Every now and then, I find myself visiting a place that is so much more than I ever could have dreamed of. Somewhere unexpected, where I don’t know what I’m going to see or who I’m going to meet. Antigua was one of these places. I was delighted to fall in love with this city from the moment I arrived.

Founded as Santiago de los Caballeros in 1543 by Spanish conquerors, the city was the Guatemalan capital for over 200 years. However, due to its earthquake-prone location that caused serious damage to the city on a number of occasions, the Guatemalan capital was eventually moved to Guatemala City and Santiago de los Caballeros was renamed la Antigua Guatemala (meaning “the Old Guatemala”). Today, the Spanish-influenced architecture of Antigua remains well preserved, earning Antigua UNESCO World Heritage status.

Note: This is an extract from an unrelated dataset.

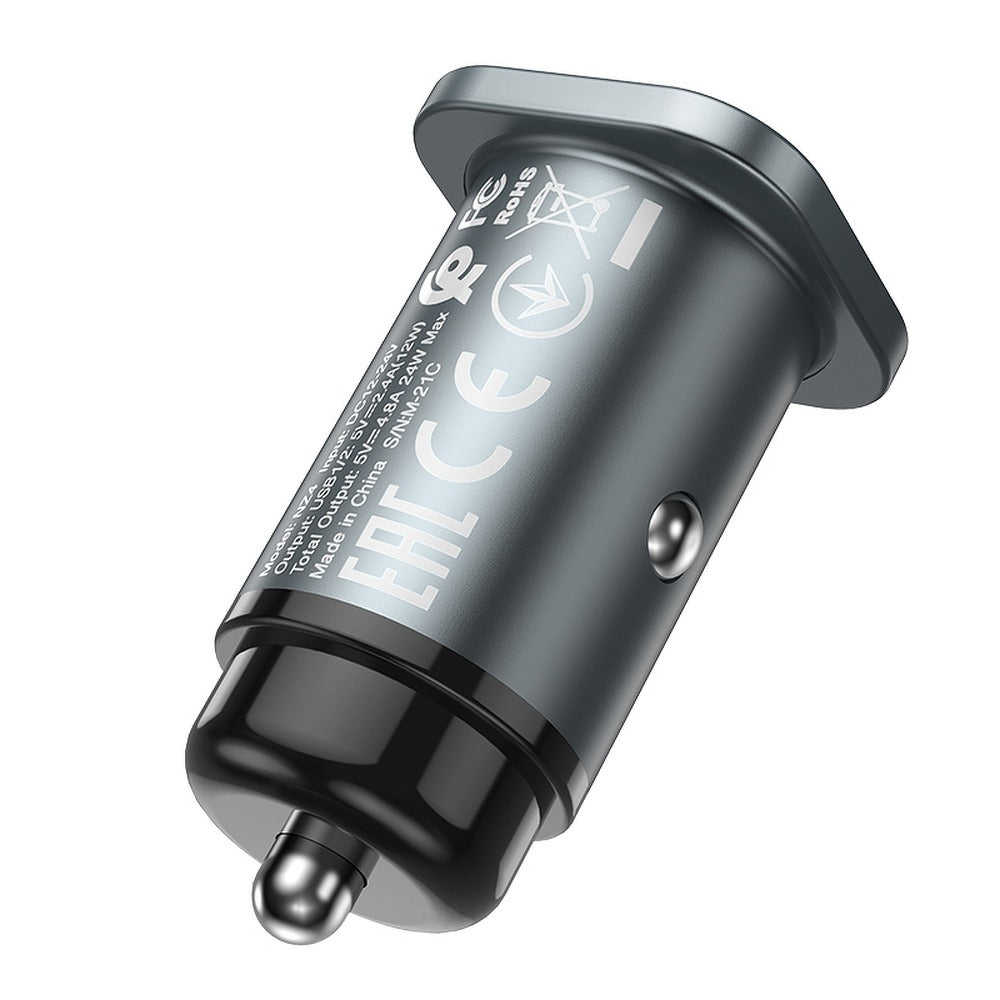 Hoco NZ4 Wise Road Φορτιστής Αυτοκινήτου με Δύο Θύρες USB 4.8A 24W - Grey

In a valley surrounded by three towering volcanoes, its location played a big part in making this city such a special place to me.I found myself purposely getting lost among the cobblestone streets and between the colorful buildings.. From the handicraft markets to the rooftop bars and the delicious taco restaurants, there was so much to see and do. To top it all off, on my last night in Antigua I was treated to a spectacular show as Volcan de Fuego erupted right before my very eyes. I watched from my hotel rooftop and couldn’t look away. The volcano was so active I wondered if the glowing lava was going to roll right down into the streets of Antigua.

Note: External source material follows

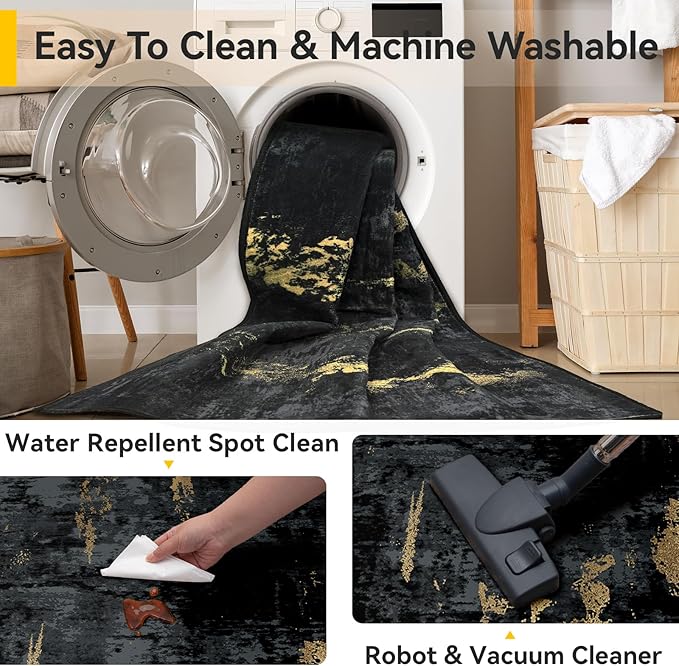 RELEANY Washable Area Rugs 4x5 Non-Slip Modern Abstract Soft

Not only is Antigua spectacular in it’s own right, it is also conveniently located within an hour from the Chichicastenango Market. One of Guatemala’s largest markets, Chichicastenango is open twice a week (on Thursdays and Sundays). Fruits, vegetables, fabrics, and handicrafts are just a few of the goods available at the market. I spent hours strolling the narrow walkways taking it all in. I found myself drawn to the embroidered wall hangings and handmade throws and, in the end, I couldn’t resist purchasing a colorful blanket from a beautiful Guatemalan woman.

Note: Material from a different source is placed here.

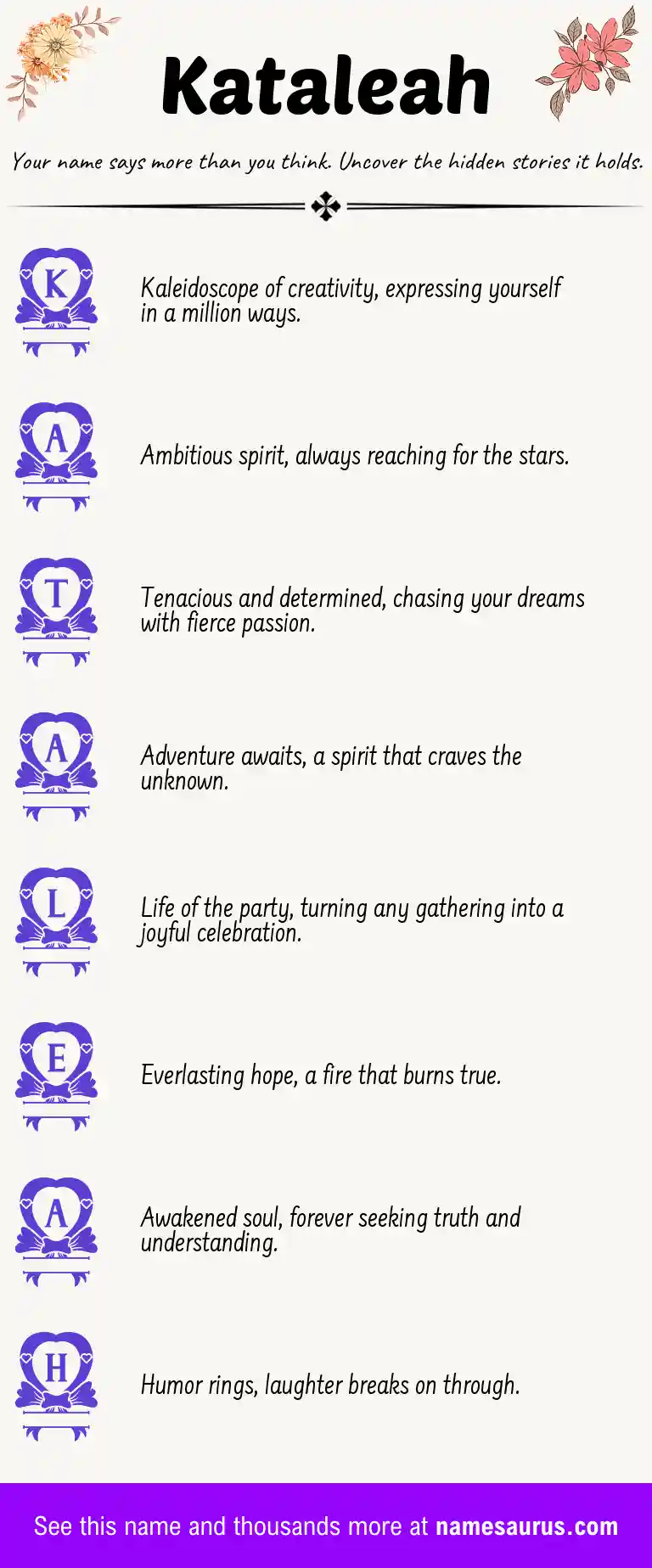 Acrostic poem about Kataleah.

From Chichicastenango, my colorful journey continued to Lake Atitlan. This spectacular lake is surrounded by three volcanoes and 14 Mayan villages.. I started my visit to Lake Atitlan with a homestay in the village of San Jorge. Unexpectedly, my visit fell on the one day of the year when San Jorge celebrates la Virgen de los Inocentes (the Virgin of the Innocents). I had a special meal with my host family and then joined them in the main square where the final hours of the celebration went off with a bang – literally! This was probably one of the most over the top fireworks displays I’ve ever seen, with the main attraction being a “firework tower”. The fireworks at the bottom of the tower were lit and in turn they triggered fireworks all the way to the top where finally an explosion of fireworks lit up the sky! Just when I thought the celebrations were wrapping up a man came out of a truck with a “firework hat” on! Atop his head was a structure that shot fireworks off in every direction, straight into the crowds of people watching him.

After my stay in San Jorge, I went on to explore the villages of Panajachel, Santiago, San Pedro, and San Juan. Panajachel acts as a gateway to Lake Atitlan, it is the busiest of the villages and a launch spot for boat service to the other villages. Santiago is the home of the Mayan deity “Maximon”, San Pedro is backpackers central and San Juan is an artistic and creative hub. All of the Mayan villages surrounding Lake Atitlan are different and, if I’d had the time, I would have explored all 14 of them.

As an avid traveler, I typically avoid revisiting destinations in favor of new cities and countries.. But for Antigua, it’s surroundings, and Guatemala in general, I know I will make an exception.